The body which looks after the Government’s holdings in bailed out banks has backed George Osborne’s decision to sell Northern Rock to Virgin Money late last year.
UK Financial Investments says the deal represented the best value for the taxpayer as the terms of the deal mean that including the £747m that Virgin Money initially paid to acquire the bank the final return to the taxpayer should be around £1bn, more than any other bid would have delivered.
It also says that as £37bn of Government loans are repaid over the next 10 to 15 years, the taxpayer should see an overall profit of £11bn.
UKFI’s report adds that selling the bank in late 2011 was the best time to maximise return on the sale. It says UKFI was watching bank share prices slide adding that the sale had to be complete before the strict December 31 2013 deadline put in place by the European Commission as a condition of allowing state aid to the bank at the height of the crisis.
The report says: “UKFI, having taken advice from Deutsche Bank, concluded that a sale to Virgin Money was the option that would maximise value for the taxpayer. The transaction met UKFI’s mandated objectives to create and protect value for the taxpayer as shareholder, paying due regard to financial stability and competition and it met the European Commission sale deadline of 31 December 2013.”
The report is likely to be seen as a vindication for Chancellor George Osborne who came in for criticism after he announced in his Mansion House speech last year the bank was being put up for sale.

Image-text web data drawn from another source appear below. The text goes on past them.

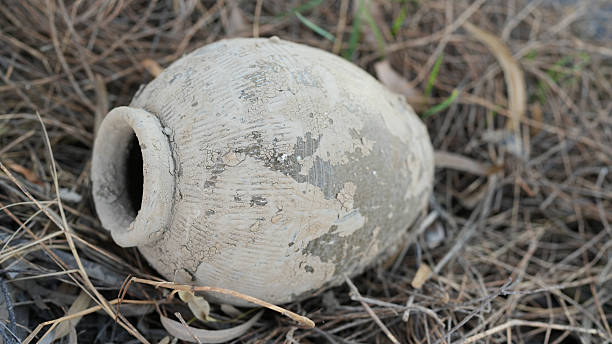 Ancient pottery artifact resting on dry grass, showcasing weathered texture and earthy tones, evokes sense of history and craftsmanship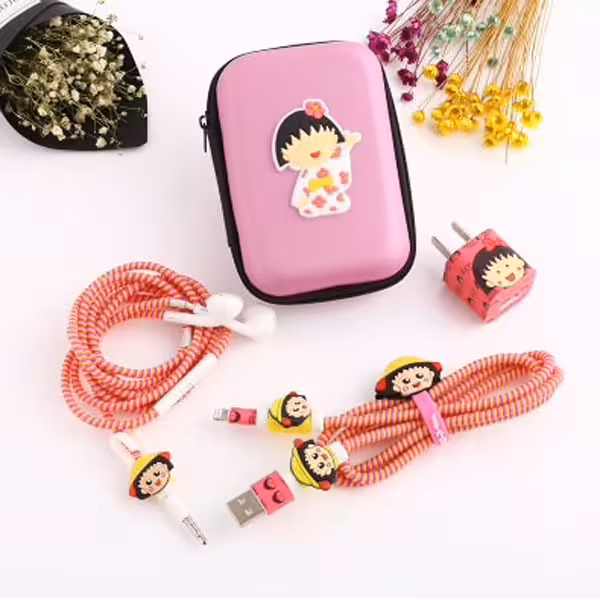 پک محافظ کابل شارژ دختر چینی کیف مستطیل Chinese Girl USB Cable protector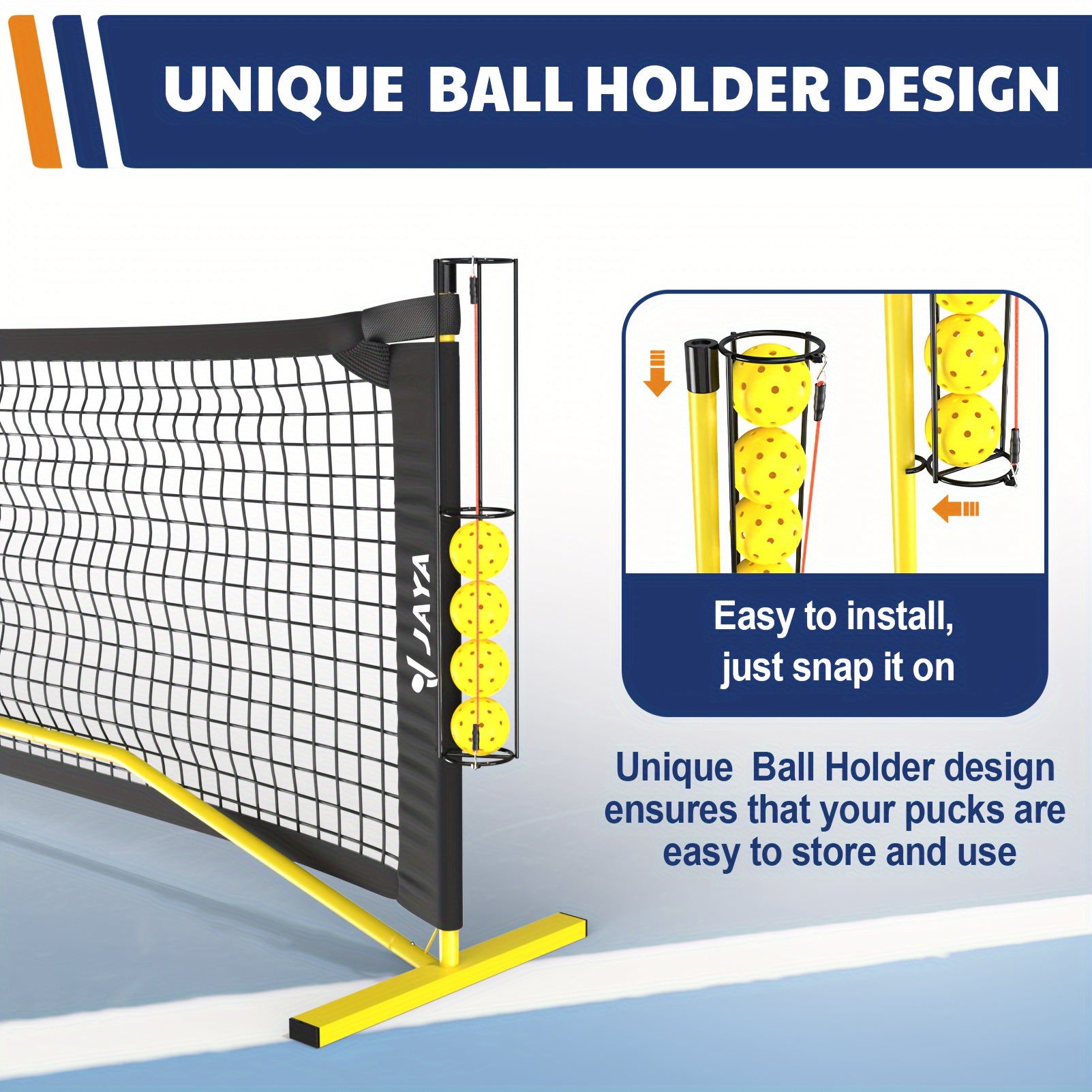 Pickleball-nettsett med eksklusiv ballholder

Labour warned of asset stripping at the bank after the sale because part of Northern Rock’s capital buffer was being used to pay for the bank. The FSA said it was happy capital levels at the bank remained adequate. Some MPs complained more should have been done to remutualise the Rock. The report says even if a mutual had placed a final bid for the firm it would have only brought in half the money a sale would have.